D.D. also told Dr. Gordon that he heard an unseen couple in his
apartment building saying they were going to rape him
Dr. Gordon testified at D.D. 's commitment hearing that D.D. is
a potential danger to himself and others. He stated that D.D.
could attack somebody because D.D. believes he is about to be
attacked. D.D. has a history of mental illness, and an attempt to
treat him locally a year before had not worked out. D.D. had
refused to take medication prescribed to control his delusions.

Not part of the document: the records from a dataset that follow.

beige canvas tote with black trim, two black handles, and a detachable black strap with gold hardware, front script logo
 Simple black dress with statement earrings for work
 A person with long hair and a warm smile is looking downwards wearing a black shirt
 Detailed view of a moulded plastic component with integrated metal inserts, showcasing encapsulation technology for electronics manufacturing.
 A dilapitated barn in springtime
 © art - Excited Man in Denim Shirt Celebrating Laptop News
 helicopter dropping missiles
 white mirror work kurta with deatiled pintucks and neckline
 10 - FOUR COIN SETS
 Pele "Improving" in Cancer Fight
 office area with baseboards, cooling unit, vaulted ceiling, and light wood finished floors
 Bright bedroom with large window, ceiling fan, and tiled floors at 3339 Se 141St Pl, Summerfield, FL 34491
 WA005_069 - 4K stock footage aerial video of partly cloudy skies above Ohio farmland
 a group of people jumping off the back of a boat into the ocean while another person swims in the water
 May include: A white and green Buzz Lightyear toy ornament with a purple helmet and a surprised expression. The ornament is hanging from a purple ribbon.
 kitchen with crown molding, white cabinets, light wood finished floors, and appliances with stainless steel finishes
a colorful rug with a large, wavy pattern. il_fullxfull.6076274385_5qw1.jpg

Dr. Gordon recommended that D.D. be committed for treatment and
that the state hospital be authorized to administer medications to
D.D. even against his will, if the hospital deemed it necessary
D.D. also testified at his commitment hearing. He stated that
he had placed papers relating to an herbal weight loss product in
his oven because he believed his apartment had been entered without
him knowing it. He testified:
Most thieves wouldn't think a weight loss product or a
pill would be in an oven.
. . . I told Dr. Gordon and the police, and I told you,
I was trying to identify a psychotic or psychopathic
killer in our community. I wasn't doing anything wrong.
I wasn't acting in an irrational manner. I stood there.
I was talking to the officer. Sure I was nervous. There
were five firemen over there accusing me of trying to
start fire or being incompetent to the point where I
accidentally started a fire, which I don't think was
true. I had that stuff in that oven for more than a
week, and in my own logical observation of myself,
knowing what I'm doing is why I called the police about
this person and the people in the apartment building.
I also told Officer Cunningham, who brought me to
the hospital, I told him I was having problems with
somebody who was attacking me right there in my house.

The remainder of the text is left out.